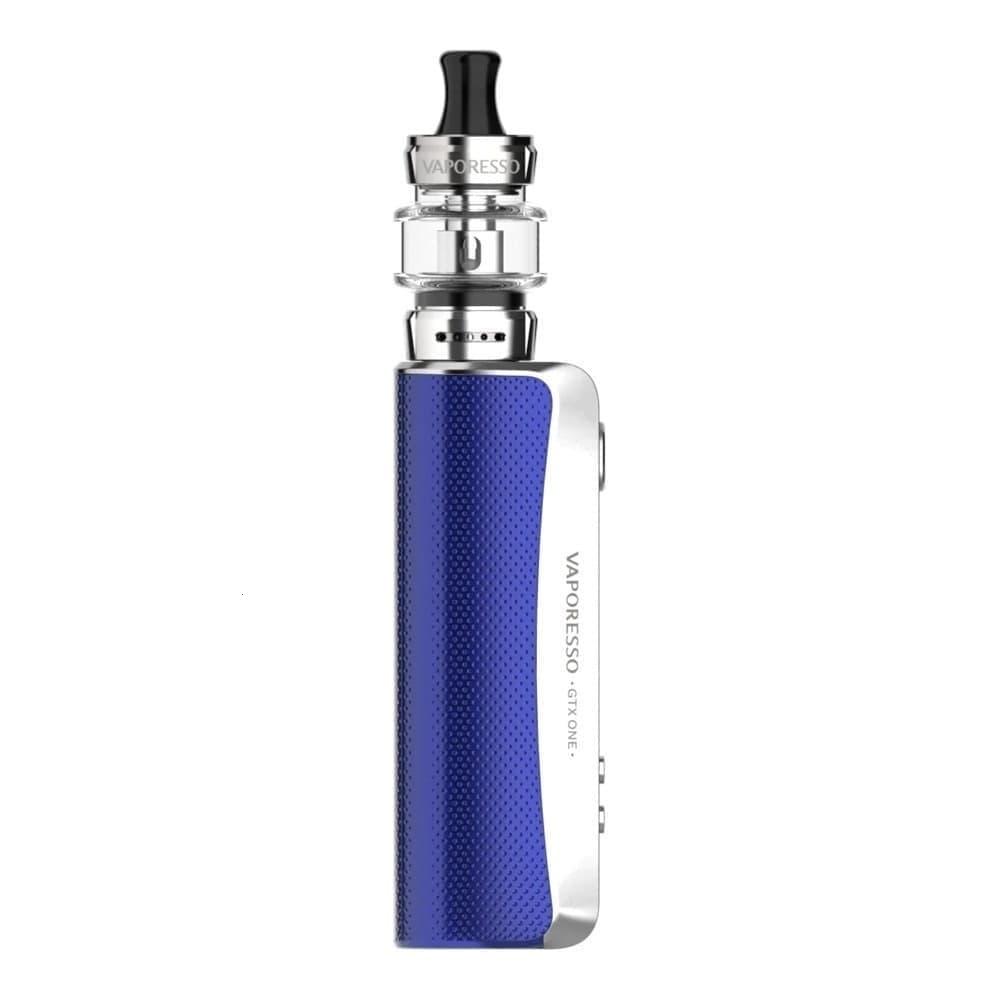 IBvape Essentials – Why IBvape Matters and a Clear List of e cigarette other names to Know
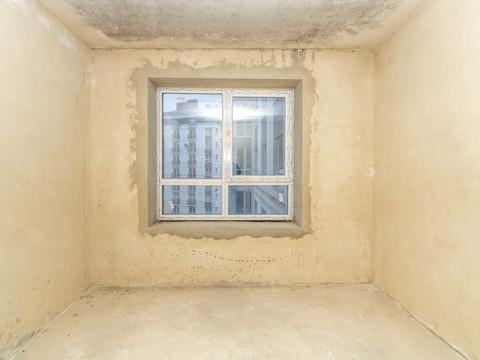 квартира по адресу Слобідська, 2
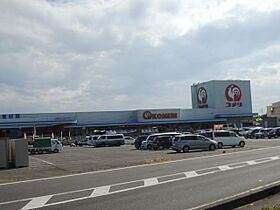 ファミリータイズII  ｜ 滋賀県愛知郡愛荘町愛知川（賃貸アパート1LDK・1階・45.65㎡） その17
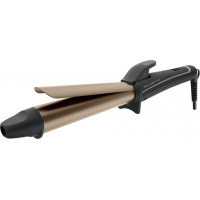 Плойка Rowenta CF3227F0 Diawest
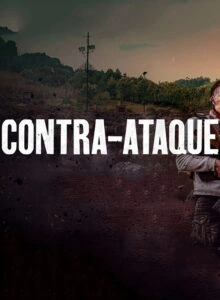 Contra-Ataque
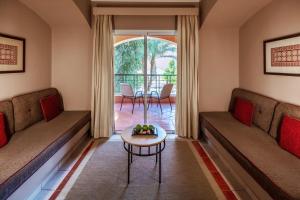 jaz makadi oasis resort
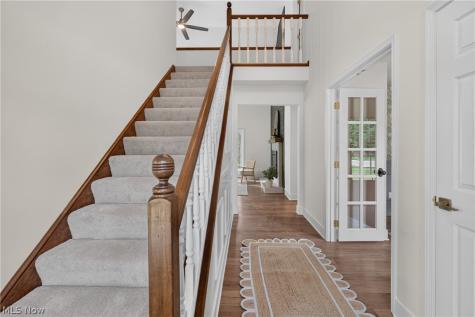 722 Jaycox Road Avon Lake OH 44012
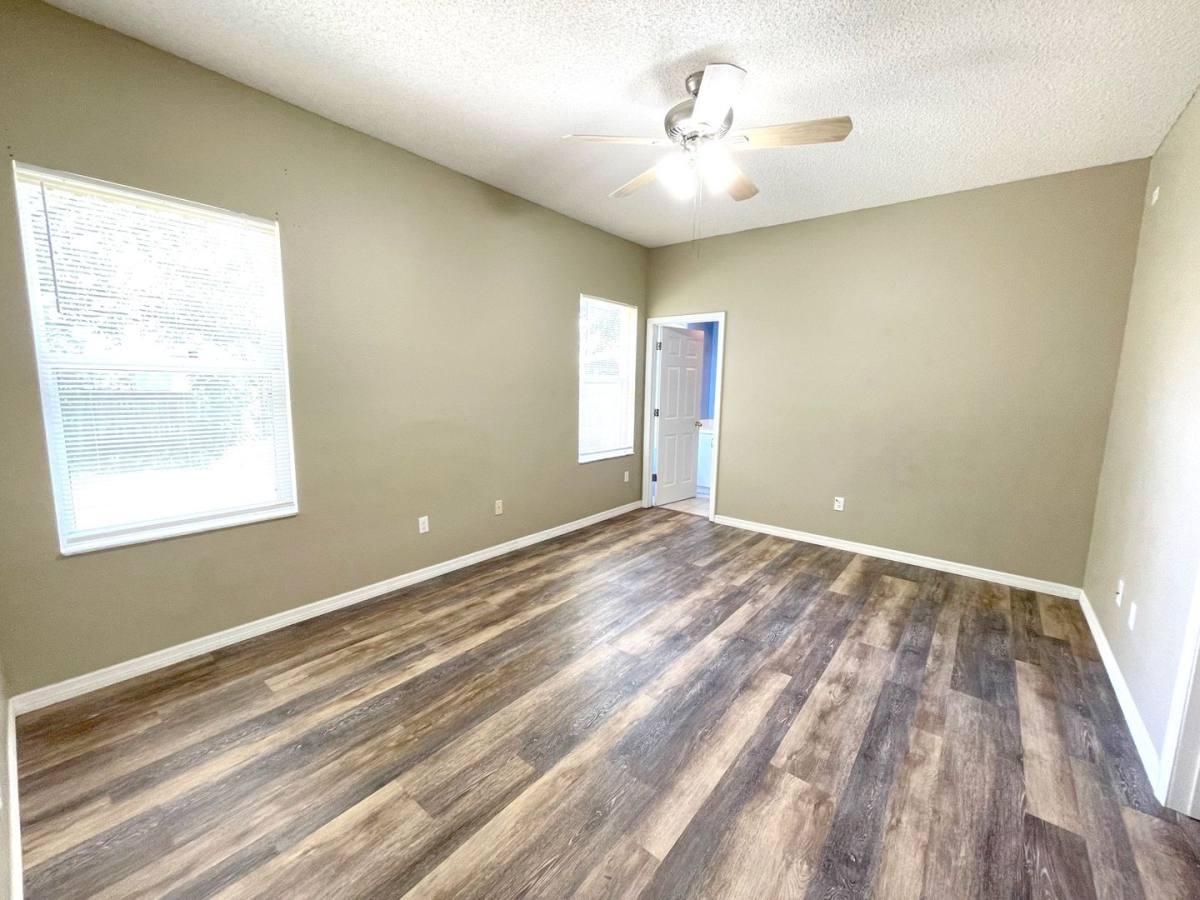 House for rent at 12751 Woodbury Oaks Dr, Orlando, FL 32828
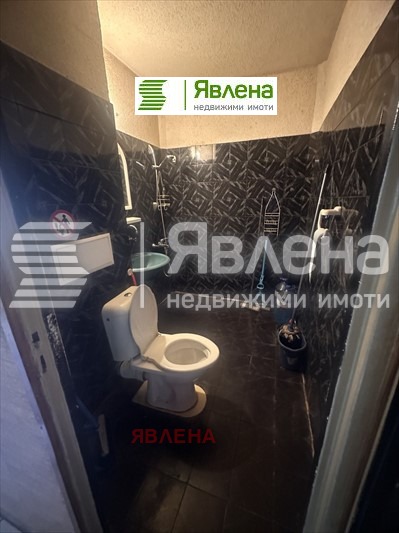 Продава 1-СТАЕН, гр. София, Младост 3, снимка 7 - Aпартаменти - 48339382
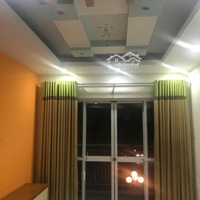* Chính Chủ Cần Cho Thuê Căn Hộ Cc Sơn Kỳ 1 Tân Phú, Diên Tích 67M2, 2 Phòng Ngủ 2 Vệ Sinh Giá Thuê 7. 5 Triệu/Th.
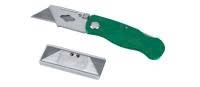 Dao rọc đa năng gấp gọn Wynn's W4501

## What to produce
Your answer should consist solely of the lines from the line with "Продава 1-СТАЕН, гр." to the final line of the listing, set down word for word, pictures omitted.

## Answer below
 Продава 1-СТАЕН, гр. София, Младост 3, снимка 7 - Aпартаменти - 48339382
* Chính Chủ Cần Cho Thuê Căn Hộ Cc Sơn Kỳ 1 Tân Phú, Diên Tích 67M2, 2 Phòng Ngủ 2 Vệ Sinh Giá Thuê 7. 5 Triệu/Th.
 Dao rọc đa năng gấp gọn Wynn's W4501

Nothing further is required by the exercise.